Segundo Sigaud, como o valor de
aquisição representa o efetivo valor de mercado do imóvel, o ITBI deveria ser
obrigatoriamente recolhido sobre o valor de arrematação. Diversos municípios,
porém, exigem o ITBI sobre bases distintas do valor de arremate ainda no
momento do registro de arrematação. “Neste momento, os contribuintes devem
entrar na Justiça para recolher o ITBI sobre o valor do arremate e somente na
hora do registro do imóvel, sem pagamento de multas e juros, apenas de
atualização”, diz.

De acordo com o advogado, o mesmo raciocínio tem sido usado para leilões extrajudiciais, nos casos em que os
bancos leiloam imóvel que foi financiado e não quitado. “Nesses casos a
jurisprudência é um pouco menos pacífica, mas temos alguns julgados favoráveis,
até mesmo no STJ”, diz. Entre eles, está o Recurso Especial nº 1.803.169.

As diferenças de valores pagas de
ITBI podem ser significativas. Em um caso julgado em janeiro pela 18ª Câmara de
Direito Público do TJ-SP, o município de Caieiras (SP) cobra o ITBI pelo valor
venal de imóvel de R$ 30, 9 milhões. Contudo, o bem foi arrematado por R$ 5,7
milhões por um empreendimento imobiliário. Os desembargadores mantiveram
sentença que determinou o valor de arrematação como fato gerador de ITBI, que
deve ser recolhido somente no registro do imóvel.

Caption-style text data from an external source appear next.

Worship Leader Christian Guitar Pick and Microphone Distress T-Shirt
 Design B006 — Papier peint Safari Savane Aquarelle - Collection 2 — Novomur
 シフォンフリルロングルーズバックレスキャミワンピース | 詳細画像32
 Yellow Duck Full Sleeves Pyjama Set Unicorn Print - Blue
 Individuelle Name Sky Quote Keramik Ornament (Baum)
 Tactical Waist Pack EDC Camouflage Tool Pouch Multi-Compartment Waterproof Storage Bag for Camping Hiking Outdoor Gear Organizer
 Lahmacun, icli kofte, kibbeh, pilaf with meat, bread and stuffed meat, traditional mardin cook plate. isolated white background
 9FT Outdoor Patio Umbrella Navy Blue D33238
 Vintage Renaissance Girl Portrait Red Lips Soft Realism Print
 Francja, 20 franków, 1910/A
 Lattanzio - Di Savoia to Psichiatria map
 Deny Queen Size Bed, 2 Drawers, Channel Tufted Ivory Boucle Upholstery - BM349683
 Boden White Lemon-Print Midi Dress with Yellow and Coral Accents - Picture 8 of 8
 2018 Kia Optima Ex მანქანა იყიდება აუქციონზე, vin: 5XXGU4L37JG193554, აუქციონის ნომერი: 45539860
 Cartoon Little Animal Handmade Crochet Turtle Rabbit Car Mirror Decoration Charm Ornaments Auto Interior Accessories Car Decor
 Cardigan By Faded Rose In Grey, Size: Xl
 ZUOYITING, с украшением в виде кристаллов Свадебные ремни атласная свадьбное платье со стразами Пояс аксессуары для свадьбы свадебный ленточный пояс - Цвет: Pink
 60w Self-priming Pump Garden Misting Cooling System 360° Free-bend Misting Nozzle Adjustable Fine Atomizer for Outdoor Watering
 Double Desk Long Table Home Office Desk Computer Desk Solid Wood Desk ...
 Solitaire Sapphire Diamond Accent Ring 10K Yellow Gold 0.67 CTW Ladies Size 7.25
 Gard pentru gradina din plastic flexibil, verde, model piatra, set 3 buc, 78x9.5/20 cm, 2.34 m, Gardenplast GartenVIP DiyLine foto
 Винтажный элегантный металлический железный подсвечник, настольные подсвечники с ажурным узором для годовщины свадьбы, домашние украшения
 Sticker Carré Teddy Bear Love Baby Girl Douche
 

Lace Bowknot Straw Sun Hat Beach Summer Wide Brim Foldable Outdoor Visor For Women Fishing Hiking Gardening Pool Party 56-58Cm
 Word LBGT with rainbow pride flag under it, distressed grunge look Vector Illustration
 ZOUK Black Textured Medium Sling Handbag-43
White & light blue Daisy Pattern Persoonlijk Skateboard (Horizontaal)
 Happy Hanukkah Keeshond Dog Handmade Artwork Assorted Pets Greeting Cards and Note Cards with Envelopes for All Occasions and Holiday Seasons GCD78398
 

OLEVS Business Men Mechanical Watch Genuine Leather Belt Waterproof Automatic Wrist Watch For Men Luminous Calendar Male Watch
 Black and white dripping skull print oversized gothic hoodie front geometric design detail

O município de Caieiras alegou no
recurso ao tribunal que a base de cálculo do ITBI é o valor venal, com
fundamentação da Lei Complementar nº 5.118, de 2018. Segundo a defesa, “a
utilização do preço pago em arrematação em leilão extrajudicial como base de cálculo
do ITBI, considerando que a absoluta necessidade de venda pública do bem
provoca sensível queda no seu valor, que então não representa, de forma alguma,
o verdadeiro valor venal do imóvel”.

Ao analisar o caso
(apelação/remessa necessária nº 1001783-22.2019.8.26.0106), o relator,
desembargador Ricardo Chimenti, entendeu que apesar do artigo 38 do Código
Tributário Nacional (CTN) estabelecer que a base de cálculo do ITBI é o valor venal
dos bens, ao tratar da aquisição de bens levados em hasta pública, o STJ diz que
incide sobre o valor de arrematação.

As três câmaras que julgam o assunto no TJ-SP (14ª, 15ª e 18ª) possuem entendimento consolidado a favor dos contribuintes, segundo Bruno Sigaud. Recentemente, a 2ª Turma do STJ
confirmou decisão do TJ-SP contra o município de São Paulo. Segundo o relator,
ministro Herman Benjamin, o entendimento do tribunal está de acordo com o do
STJ de que, no caso de hasta pública, o valor venal corresponde ao valor
arrematado, para fins de cálculo do ITBI (processo 1.542.296).

Já no Tribunal de Justiça do Ceará
(TJ-CE), o desembargador Luiz Evaldo Gonçalves Leite, confirmou o direito de um
empreendimento imobiliário de recolher o ITBI com base no valor de um imóvel
arrematado em Fortaleza por R$ 3,6 milhões – sobre o valor deve incidir a
alíquota de 2%, que corresponderá a R$ 72,8 mil. Segundo a decisão do
desembargador (processo 0187419-70.2013.8.06.0001), “tratando-se de imóvel
arrematado judicialmente, é pacífico o entendimento de que deve ser considerado
como valor venal do imóvel, para fins de definição da base de cálculo, o valor
alcançado em hasta pública (de arrematação)”.

O advogado tributarista Carlos
Navarro, do Viseu Advogados, afirma que esse tema é uma nova vertente de uma
antiga disputa que tratou do valor de mercado (VVR) ou valor da transação. Isso
porque as vezes os imóveis são vendidos bem abaixo do mercado, o que vem
gerando precedentes favoráveis aos contribuintes. Para Navarro, essas decisões
são acertadas, e caso o VVR supere o valor de transação, este último é que deve
ser usado como base de cálculo.

A única ressalva que o advogado faz está nas situações em que existem eventuais dívidas que seriam quitadas pelo arrematante. “Em casos como esses, entendo que o valor de mercado do bem seria equivalente ao valor de arrematação mais o valor das dívidas”, afirma.